Everything you’ve learnt at work and in training about doing good business analysis is about writing the specification, delivering on the requirements, getting the quality right, doing the specific thing for the specific technical purposes.
“What do you do” is about a title, a task, a deliverable thing.
Consider this job description from an insurance company:
BUSINESS ANALYST
Understanding the business requirements, and through a structured process, modelling, validating and translating it into business requirement specifications that are used by developers to craft a technical solution.
Work on solutions supporting multiple business areas, integration points and a large number of affected components. Required to work under general direction within a clearly defined accountability framework. Gather and interpret requirements from the business. Participate in the solution design process. Prepare the requirements specifications. Define the success criteria for solution testing. Analyse and decompose relevant business processes. Performing business analysis and process improvement within assigned solution project.
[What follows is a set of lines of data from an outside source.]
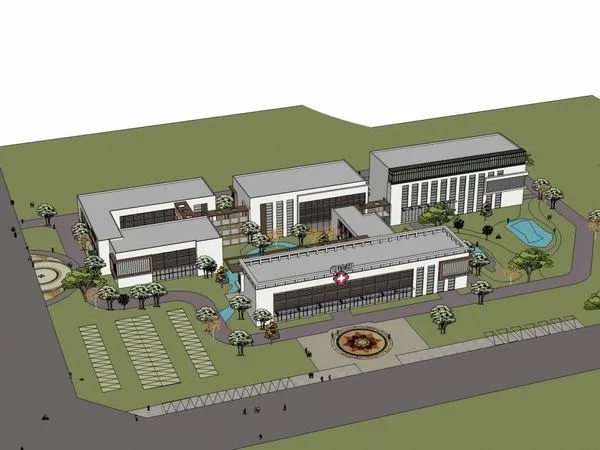 Sketchup Hospital Model | Multi-story Maternal and Child Health Center, Hospital Medical, Modern Style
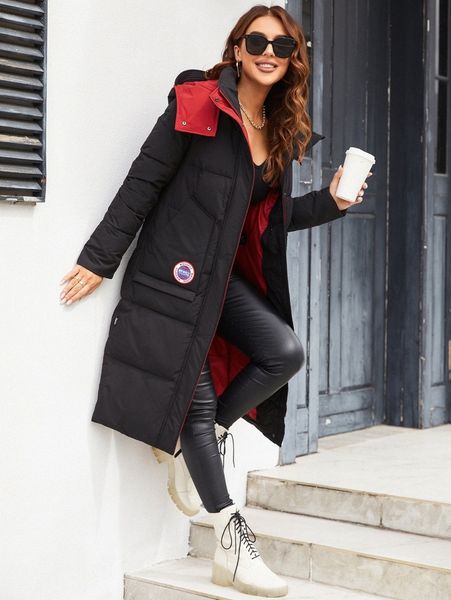 

miegofce patch detail zipper front hooded puffer winter coat y0kw#, Black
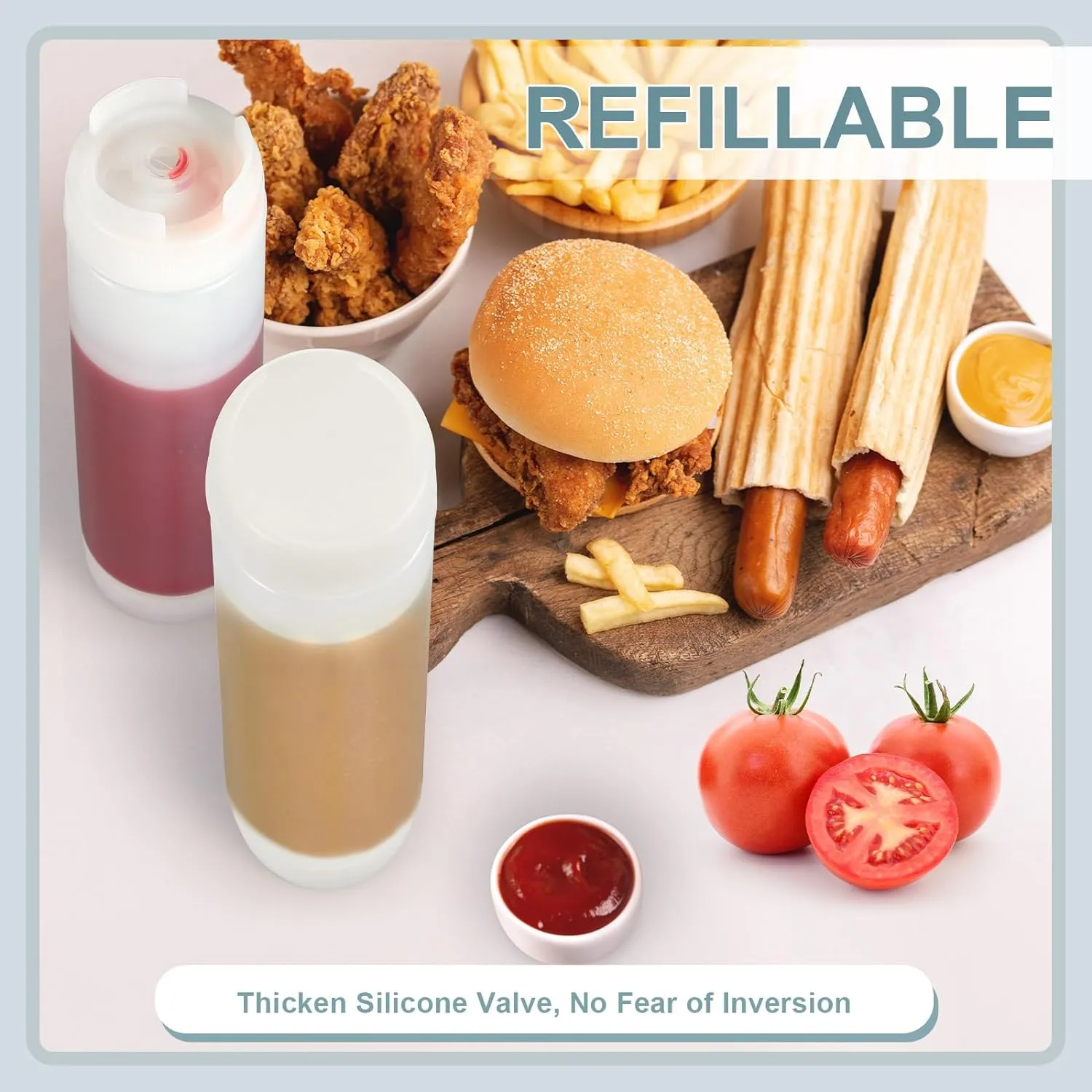 4 Pcs Squeeze Bottles Refillable 20 oz, Inverted Plastic Tip Large Valve Dispenser Condiment Squeeze Bottle for Sauces Ketchup Sour Cream Self Sealing Syrup Dispenser for Restaurants (White)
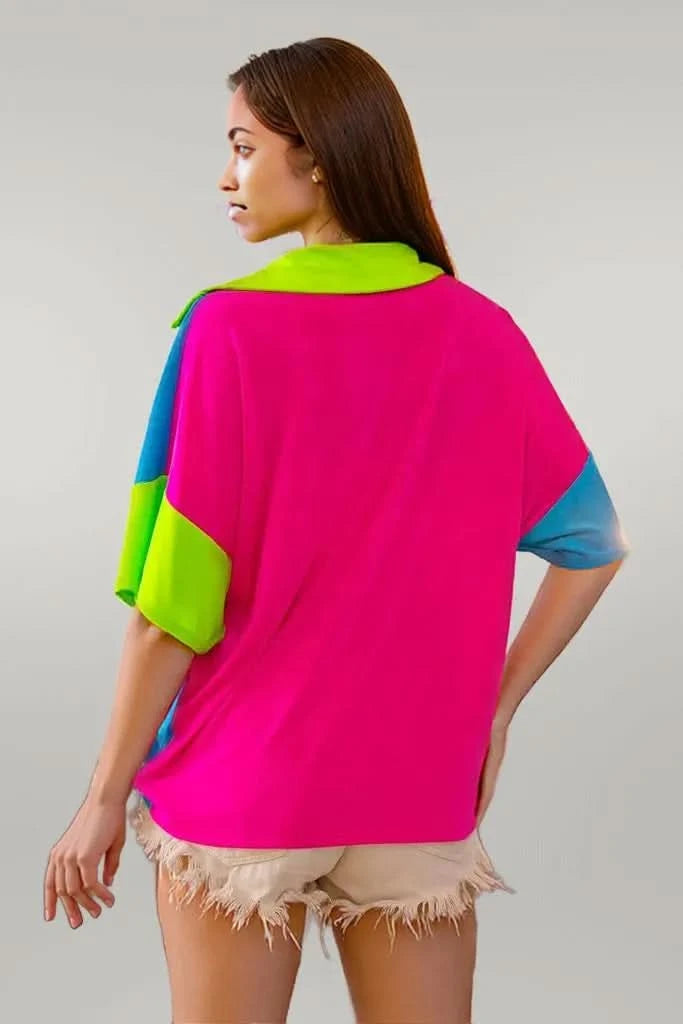 BiBi Slinky Knit Color Block V Neck Front Top
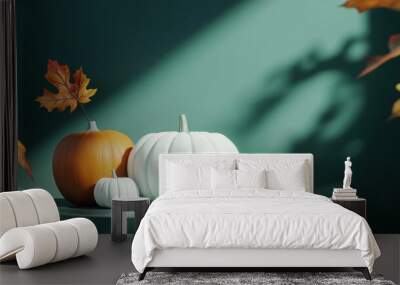 Decorative podium with white fresh pumpkin and autumn leaf on green table
 Wall mural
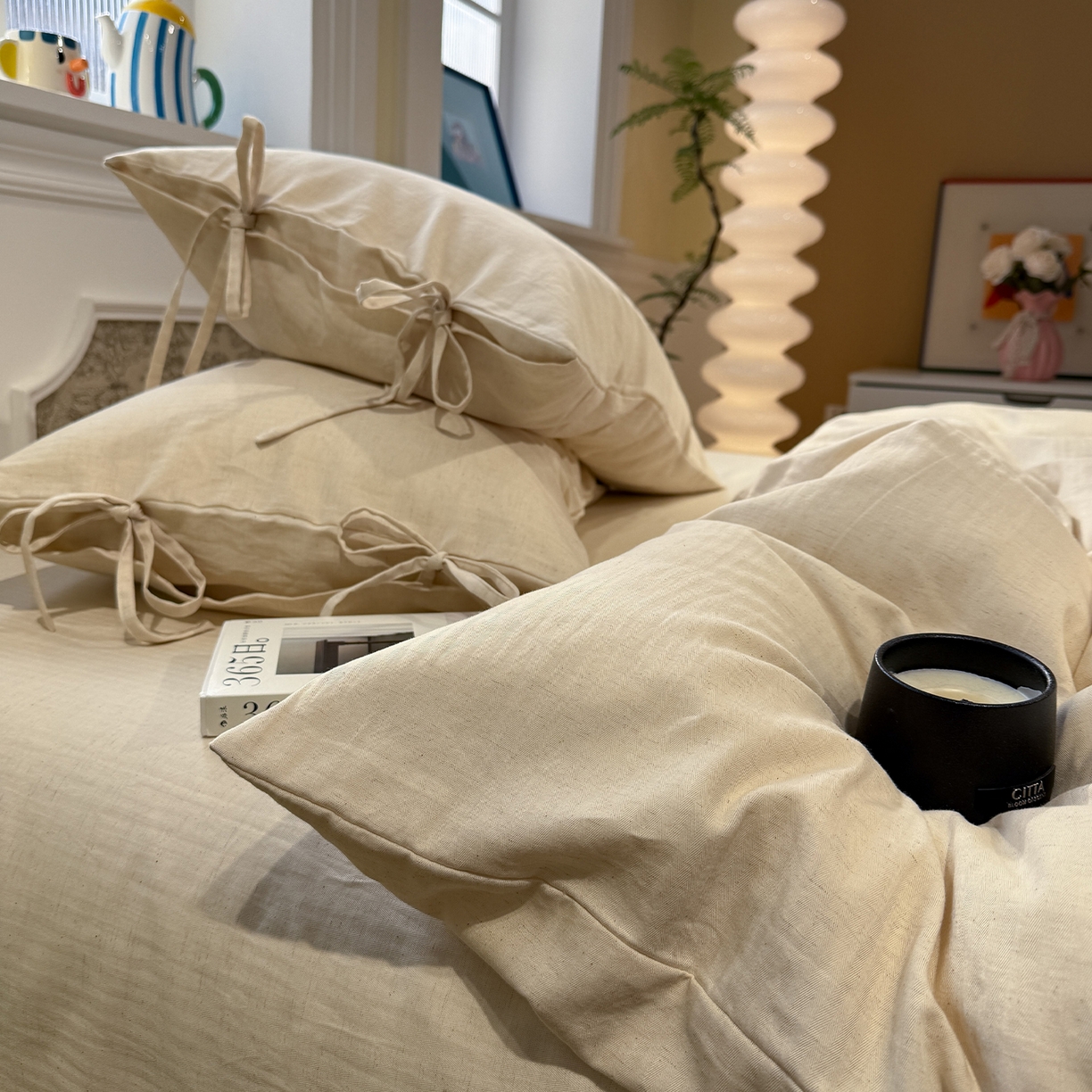 91家纺网 家纺一手货源 找家纺 （总）蓝邻家纺 2026年新款全棉纯棉色织棉麻极简风四件套系列-场景一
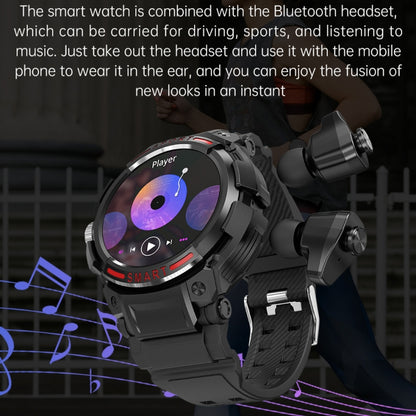 OVISEN GT100 1.39 inch TFT Screen 2 in 1 Bluetooth Headset Smart Watch, Support Blood Oxygen Monitoring/Bluetooth Music(Grey) by buy2fix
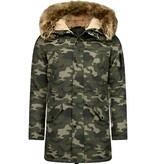 Enos Lange Heren Winterjas – Met Faux Bontkraag – Camouflage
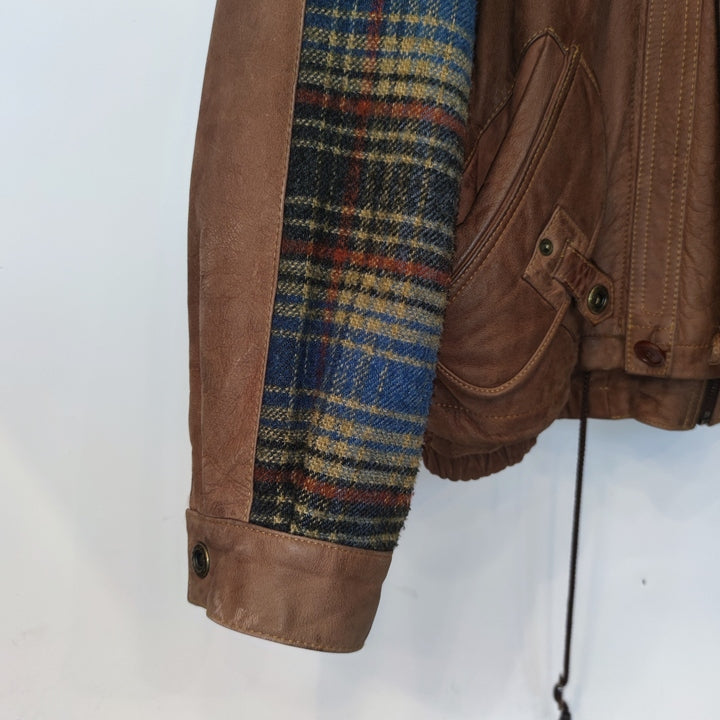 M-L Leder-/Wolljacke mit abnehmbaren Ärmeln kariert
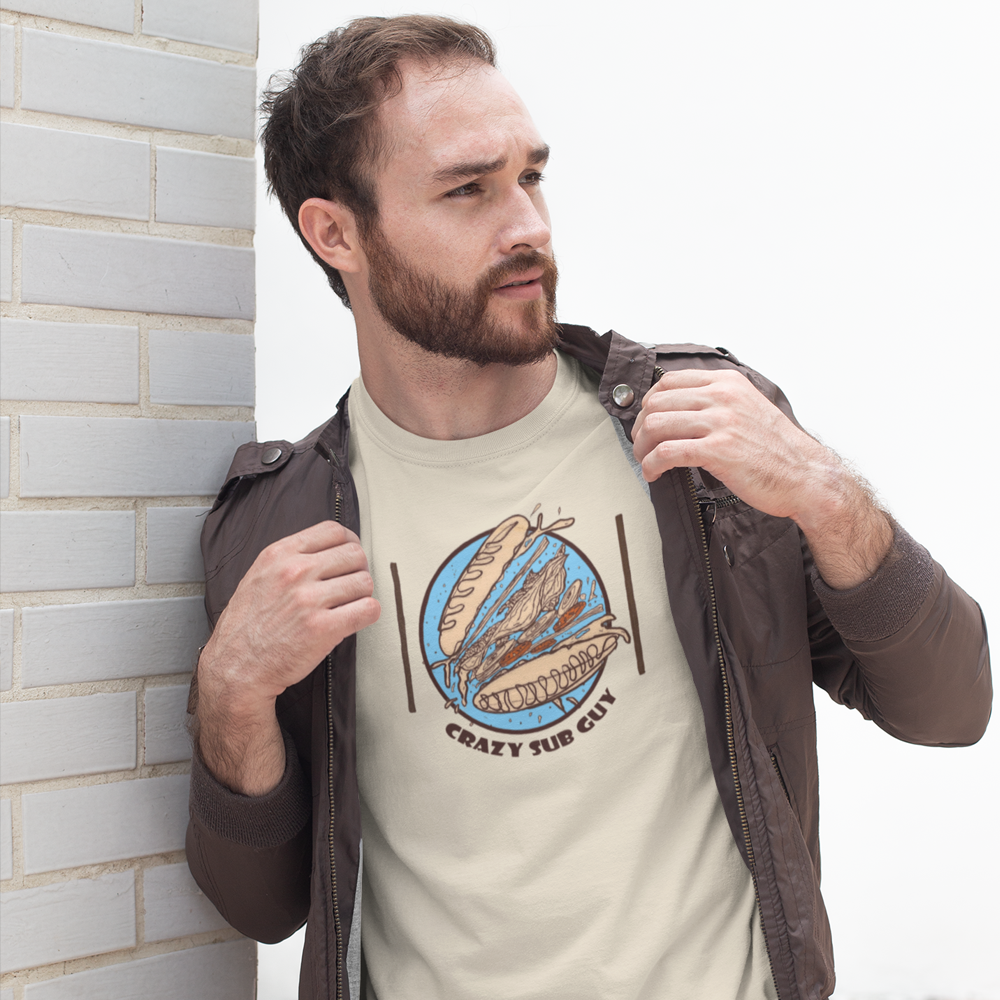 Crazy Sub Guy Tossed Sub Logo Unisex Softstyle T-Shirt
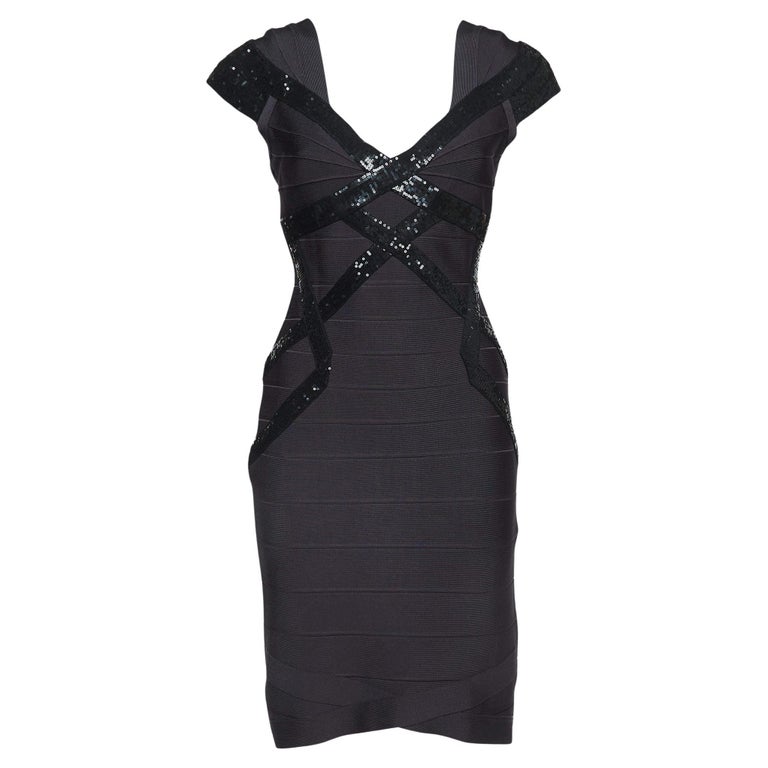 Herve Leger Grey Sequin Embellished Knit Cap Sleeve Bandage Dress M at  1stDibs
Provide assistance to solution delivery on implementation and training. Assist (when necessary) with systems testing. Ensure that proposed test solutions cover all aspects of delivered business specification
While this is the description of a job, it’s not the description of a dream or a desire. While it’s specific, it could easily be altered without changing what it delivers.
This is how education works as well. MBA degrees are meaningless. It’s the doors that they open that we strive for.
The same is true of your product or service. You may say you’re building a feature, but don’t believe it. When you’re enabling business change, you’re offering your stakeholder a new opportunity, a step closer to their dreams and desires, not a feature.
We enable change, utility, possibility, not tasks or papery stuff.